L.V.: “Esatto, uno scontro fisico vero e proprio. Dallo storyboard la scena era diversa; poi, sul set, l’abbiamo resa più adrenalinica. Sono come Tom Cruise, mi faccio gli stunt da solo! (ride) C’è stata una caduta, ma niente di serio: sono riuscito a girare lo stesso. Ma questo per dire che il lavoro fisico è stato fondamentale”.
V.V.: “Hai lavorato molto di immaginazione”.
L.V.: “Sì, è vero. È stato un lavoro molto diverso dal solito, mi ha richiesto uno sforzo immaginativo particolare. Giocando col corpo, con lo sguardo, dovevo imparare a calibrare bene distanze e profondità dello spazio. Piano piano abbiamo aggiustato il tiro. E il fatto di girare con una sola camera ha reso tutto ancora più impegnativo”.
V.V.: “Però devo dire che siamo stati bravi con gli agganci”.
Soprattutto per la continuità tra uno stacco e l’altro.
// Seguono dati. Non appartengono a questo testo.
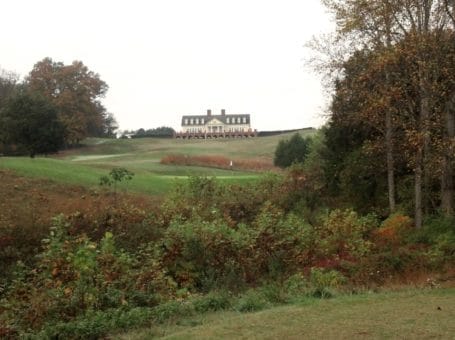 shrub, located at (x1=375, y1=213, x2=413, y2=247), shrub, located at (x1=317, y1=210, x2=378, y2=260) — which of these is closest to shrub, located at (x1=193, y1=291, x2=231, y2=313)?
shrub, located at (x1=317, y1=210, x2=378, y2=260)

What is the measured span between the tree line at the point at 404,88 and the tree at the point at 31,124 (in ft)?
118

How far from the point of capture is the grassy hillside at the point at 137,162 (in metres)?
31.8

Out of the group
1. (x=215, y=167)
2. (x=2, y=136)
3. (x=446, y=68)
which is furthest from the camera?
(x=215, y=167)

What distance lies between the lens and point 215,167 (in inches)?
2309

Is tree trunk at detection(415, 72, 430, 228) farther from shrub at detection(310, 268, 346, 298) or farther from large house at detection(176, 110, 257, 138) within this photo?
large house at detection(176, 110, 257, 138)

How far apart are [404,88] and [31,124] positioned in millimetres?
40014

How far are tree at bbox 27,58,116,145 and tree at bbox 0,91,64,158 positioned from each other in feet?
73.6

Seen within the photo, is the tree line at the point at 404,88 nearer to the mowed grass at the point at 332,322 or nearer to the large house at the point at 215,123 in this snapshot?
the mowed grass at the point at 332,322

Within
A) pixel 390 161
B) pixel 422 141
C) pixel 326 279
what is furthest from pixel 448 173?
pixel 326 279

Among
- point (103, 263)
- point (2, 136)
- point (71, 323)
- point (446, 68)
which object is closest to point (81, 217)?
point (103, 263)

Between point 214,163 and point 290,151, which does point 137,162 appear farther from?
point 290,151

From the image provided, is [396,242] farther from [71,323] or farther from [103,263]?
[71,323]

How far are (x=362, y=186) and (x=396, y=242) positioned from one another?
684 cm

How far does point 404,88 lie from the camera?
59.4 ft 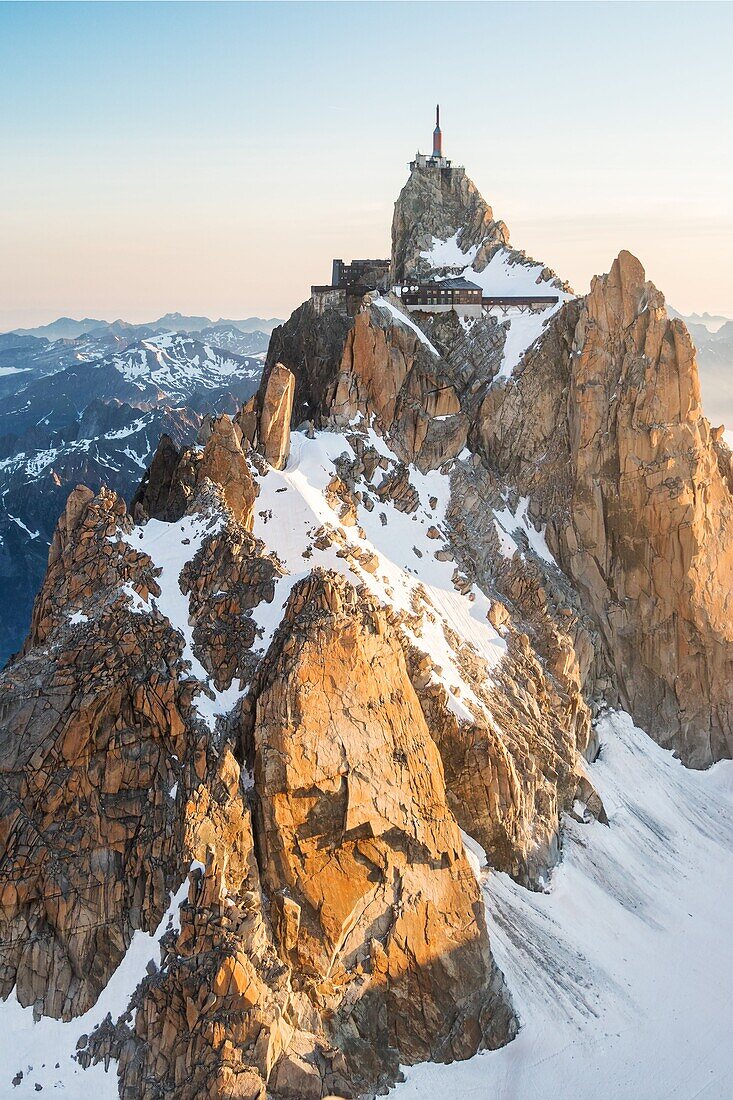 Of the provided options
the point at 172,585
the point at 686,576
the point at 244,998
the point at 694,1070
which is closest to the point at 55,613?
the point at 172,585

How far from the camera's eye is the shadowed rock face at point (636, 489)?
416 feet

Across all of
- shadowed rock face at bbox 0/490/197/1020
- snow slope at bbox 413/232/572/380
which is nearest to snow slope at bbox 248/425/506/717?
shadowed rock face at bbox 0/490/197/1020

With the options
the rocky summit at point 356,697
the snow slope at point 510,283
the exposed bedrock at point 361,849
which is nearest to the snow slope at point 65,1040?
the rocky summit at point 356,697

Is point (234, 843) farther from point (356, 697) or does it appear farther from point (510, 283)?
point (510, 283)

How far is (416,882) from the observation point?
7962 centimetres

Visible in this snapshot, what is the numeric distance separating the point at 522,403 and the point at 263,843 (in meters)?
72.6

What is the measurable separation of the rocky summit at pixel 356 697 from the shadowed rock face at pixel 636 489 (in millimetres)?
360

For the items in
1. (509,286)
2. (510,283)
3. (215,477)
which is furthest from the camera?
(510,283)

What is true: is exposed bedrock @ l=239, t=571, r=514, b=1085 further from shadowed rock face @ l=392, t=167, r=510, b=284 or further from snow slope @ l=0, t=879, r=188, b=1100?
shadowed rock face @ l=392, t=167, r=510, b=284

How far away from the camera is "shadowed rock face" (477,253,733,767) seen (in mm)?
126812

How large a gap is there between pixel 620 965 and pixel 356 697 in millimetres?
36754

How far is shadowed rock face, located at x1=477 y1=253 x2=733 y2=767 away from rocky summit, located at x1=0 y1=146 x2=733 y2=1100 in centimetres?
36

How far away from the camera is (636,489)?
421ft

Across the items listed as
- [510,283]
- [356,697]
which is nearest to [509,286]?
[510,283]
V.V.: “Sì, sì. Eravamo noi stessi le segretarie di edizione”.
G.F.: “E poi abbiamo girato in due anni e mezzo. Quindi iniziavamo in un modo e poi continuavamo in un altro”.
Questo film celebra l’arte in tutte le sue forme. È un incrocio di discipline: design, animazione, architettura, pittura, performance. Per quanto riguarda i costumi, Sara Costantini ha realizzato un lavoro straordinario. Che tipo di dialogo c’è stato tra voi e come avete costruito l’identità visiva dei personaggi?

Sara Costantini: “Il mio rapporto artistico con Virgilio è sempre stato basato su un feedback costante, con stimoli continui da entrambe le parti. Avevamo tante immagini che ci ispiravano e che volevamo far entrare nel film. Siamo partiti dal Poema a fumetti di Buzzati, cercando di trasporre i personaggi principali nel miglior modo possibile. Poi abbiamo lavorato sui personaggi inventati, caratterizzandoli in parte secondo il modello di Buzzati e in parte attraverso la nostra immaginazione, attingendo al nostro bagaglio culturale e artistico. Dentro c’è di tutto: il cinema sperimentale del primo Novecento, i costumi da cabaret… È come se avessimo seguito un filo conduttore legato a una certa epoca, che però volevamo anche tradire, creando un periodo storico che non esiste davvero. Quando guardi Orfeo non capisci esattamente da cosa ci siamo ispirati, ma tutto funziona perfettamente: sembra davvero un sogno”.
E parlando di sogno: il film sembra costruire un vero ecosistema onirico, grazie alle molte influenze artistiche — dall’Art Nouveau al realismo magico, dall’animazione alle arti visive. È come se il film stesso fosse un grande sogno cinematografico.
V.V.: “Anche nella prima parte del film, che è quella più realistica, abbiamo cercato una regia fatta di sguardi, di momenti sospesi. Per quanto riguarda decorazioni e ambienti, credo che quello sia un riflesso naturale delle cose che ho amato nella vita. Molti oggetti di scena sono oggetti della mia collezione personale, cose che avevo a casa e che ho semplicemente portato sul set. Ci siamo divertiti persino a ridisegnare le finestre ispirandoci ai palazzi francesi del primo Novecento. È stata una festa. C’è tutto: ricordi, passioni, influenze dei designer che mi hanno formato — da Portaluppi a Fornasetti. Potrei dire che Orfeo è stato un viaggio nel profondo di tutto ciò che ho apprezzato nella vita”.